India's economic growth story, while seemingly robust, is facing a significant headwind: a persistent lack of private investment. Despite strong GDP growth, corporate India is exhibiting caution, leading to a subdued investment climate. This hesitancy, evident across both listed and unlisted companies, poses a threat to the nation's long-term economic momentum.
Several factors contribute to this perplexing situation. One primary reason is uneven demand. Urban consumption has softened, and rural recovery is slow. Furthermore, muted exports and cheap imports, particularly from China, are squeezing profit margins in some sectors. Businesses are unwilling to invest unless they are assured of sustained returns, not merely short-term profits. This risk-averse sentiment is further compounded by global uncertainties, including potential trade disruptions.
Another critical aspect is the availability of funds. Ironically, India Inc. is flush with cash, with unlisted companies in a stronger financial position than they have been in decades. Their debt burden is at a 35-year low, with healthy profits and high-interest coverage. However, instead of investing in capacity expansion, many firms are using these funds to refinance older loans or park surpluses in financial markets, earning from passive sources rather than core business activities. This behavior is a stark contrast to previous investment cycles. Non-financial companies are sitting on cash worth around 11% of their assets. The share of passive income, including capital gains, has nearly doubled over the past decade.
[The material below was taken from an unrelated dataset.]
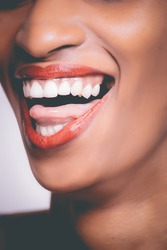 Teeth whitening Stoke-on-Trent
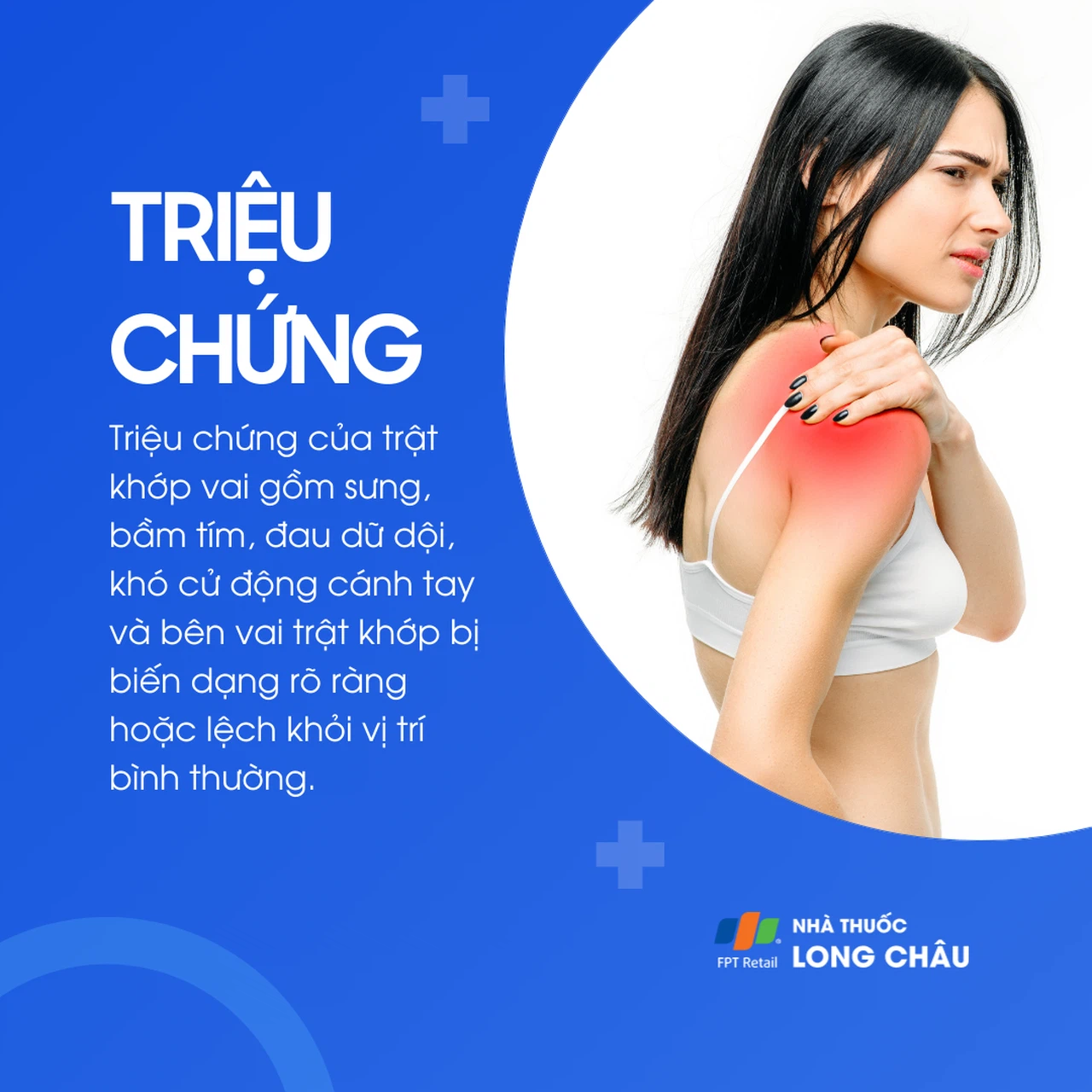 Trật khớp vai 2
Adding to the complexity, a generational shift might also be at play. A growing number of business heirs appear more comfortable managing existing wealth than expanding capacity. This shift in priorities, combined with the usual bureaucratic hurdles such as delays in land acquisition, environmental clearances, and protracted litigation, further discourages private investment.
The consequences of low private investment are far-reaching. Gross fixed capital formation, which includes investments in factories, machinery, and infrastructure, contributes significantly to GDP. A decline in private investment can lead to slower economic growth because a larger fixed capital base is needed to boost economic output. Since 2011-12, private investment has been declining, hitting a low of 19.6% of GDP in 2020-21. The decline reflects fears of high input costs and a slowing growth rate.
Additionally, the Indian Rupee faces a capital inflow problem, becoming increasingly dependent on volatile foreign portfolio inflows. India's net direct investment position has swung from a US$40 billion inflow to essentially zero, creating a hole in India's balance of payments. This shift has made the INR more susceptible to fluctuations.
To revive private investment, a multi-pronged approach is needed. The government must address the issue of weak demand by boosting consumption and creating more jobs. Streamlining regulatory processes, ensuring policy certainty, and resolving land acquisition issues are also crucial. Furthermore, fostering a culture of entrepreneurship and encouraging businesses to take risks is essential for unlocking India's growth potential. Without a concerted effort to address these challenges, India risks losing its growth momentum and falling short of its economic aspirations.